The airway epithelium of asthmatics exhibits distinct genomic and phenotypic characteristics. However the mechanisms underlying the establishment and chronicity of these characteristics remains unknown. We investigated if epigenetic changes underpin the genomic characteristics of the asthmatic airways by determining the chromatin landscape of bronchial epithelial cells (BECs) in healthy and asthmatic adults.
We employed ChIP-seq of histone H3 acetylation (H3K27ac) to determine the chromatin landscape in ex vivo cultured BECs from healthy and allergic-atopic asthmatics (n = 3 donors each). Regions of differential enrichment were identified (MEDIPS) and associated genes and pathways determined (GREAT). Gene expression profiles were investigated by microarray (Illumina) and differential analysis conducted (Partek Genome Suite). Super enhancers (SEs) were identified (ROSE) and enrichment of transcription factor motifs (MEME) and their tissue distribution (protienatlas.org) determined.

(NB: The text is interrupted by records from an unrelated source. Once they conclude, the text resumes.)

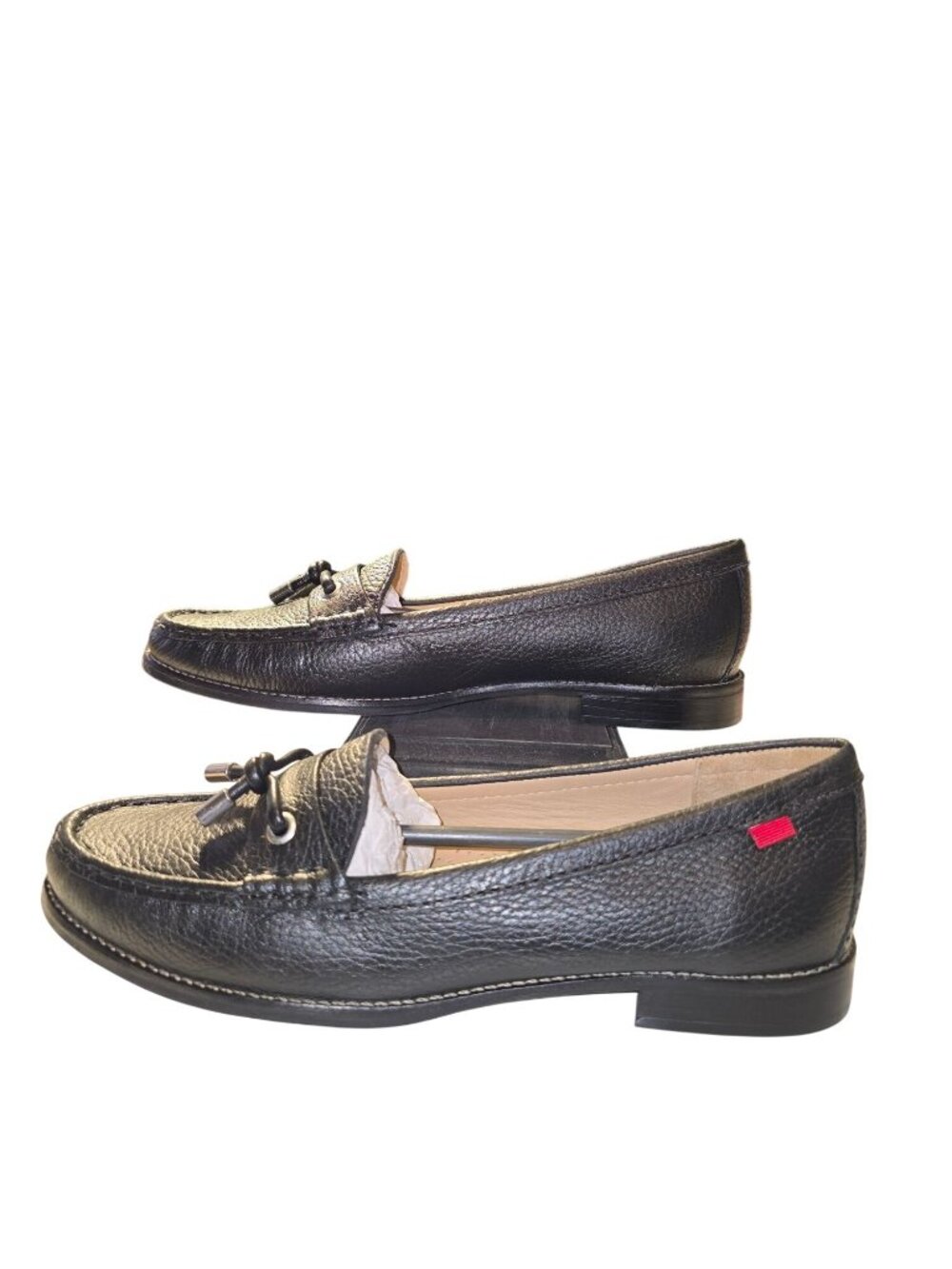 Marc Joseph New York Jackson St. Black Pebble Leather Loafers, Silver, NWOB - Picture 2 of 8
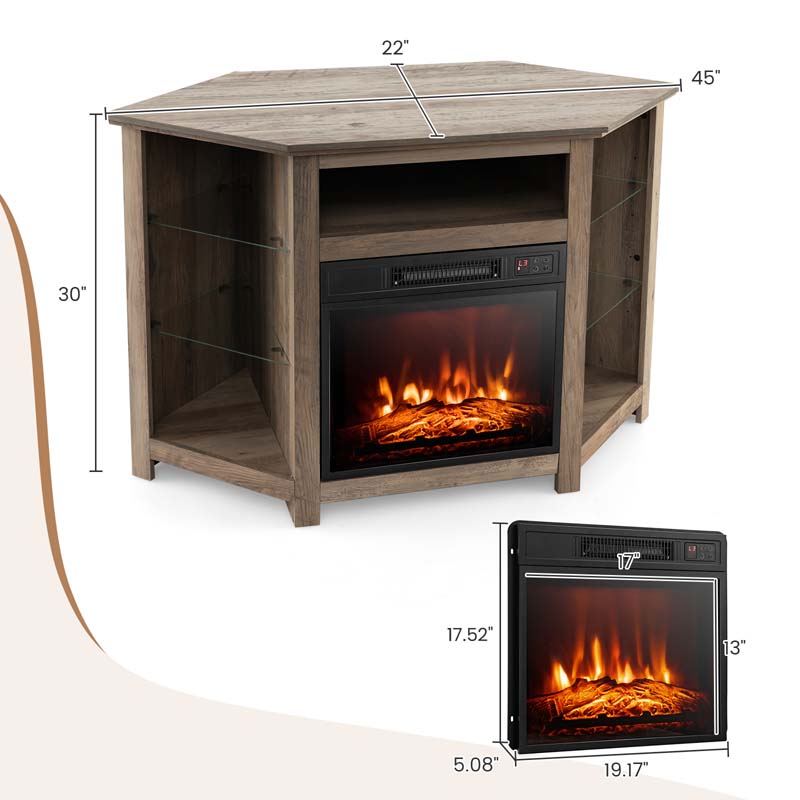 Modern Corner Fireplace TV Stand with LED Lights for TVs up to 50", Entertainment Center with Electric Fireplace & APP Control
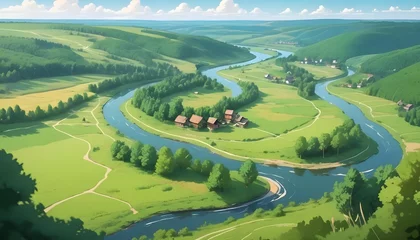 Selbstklebende Fototapeten A tranquil countryside landscape with winding rivers and lush forests surrounding Dobroslav village, capturing the beauty of rural Ukraine in anime style. © Muhammad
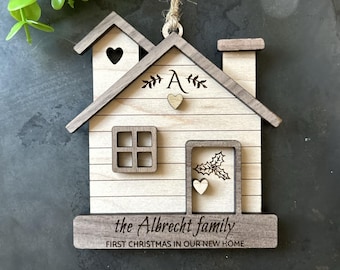 Christmas 2024 2025 Ornament First Home Ornament House Ornament Wooden Family Ornament Housewarming Gift Personalized Engraved New Home Gift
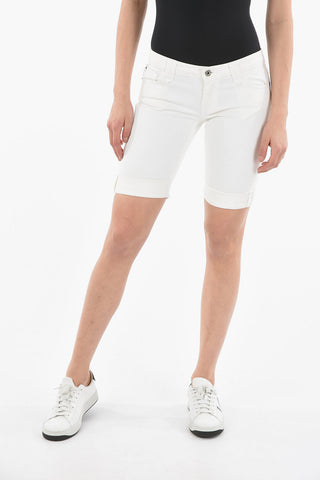 Stretch Denim 5-Pocket Shorts with Branded Button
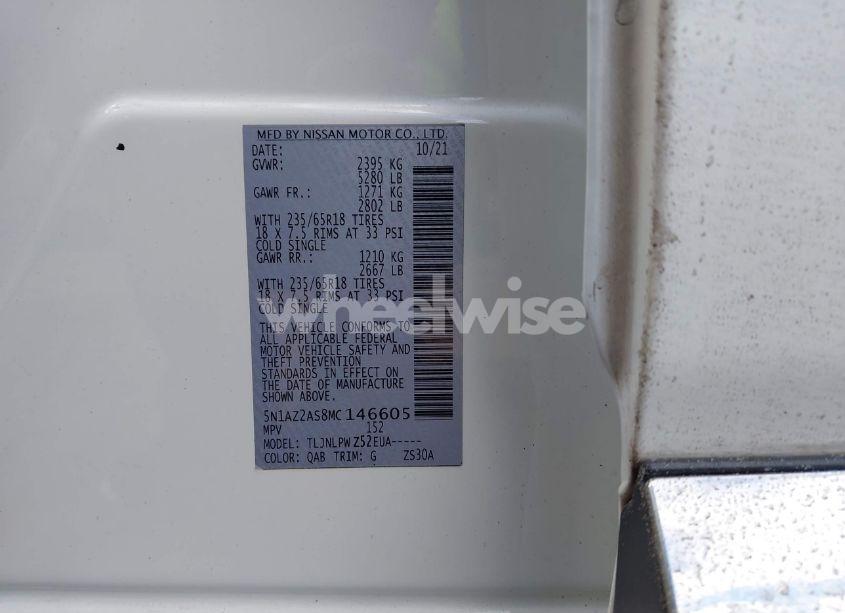 Photo 9 of 2021 Nissan Murano S INTELLIGENT AWD (VIN 5N1AZ2AS8MC146605)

We identified 33,744 differentially enriched regions (DERs) of H3K27ac between asthma and healthy BECs. DERs were associated with genes (e.g. SERPINB2, TSLP) and pathways (e.g. leukotriene synthesis, antiviral response) previously implicated in asthma and had little overlap with known glucocorticoid receptor binding sites (1.7% of total). DERs occurred up to 100kb from gene promoters and gain or loss of H3K27ac was associated with increased and decreased gene expression in asthmatics respectively. Using a comparative approach, we identified SEs that were common (i.e., present across all donors) and distinct to health and asthma. In addition to established asthma genes (e.g. CLCA1) and transcription factors (e.g. TP63), asthma-SEs encompassed non-coding RNAs (up to 32% of genes) and epithelial-specific transcription factors (e.g. GCM2) previously unreported in asthma.
Our data indicates that asthma influences the chromatin landscape of BECs and suggests the genomic differences observed in the asthmatic airway epithelium are underpinned by established epigenetic mechanisms.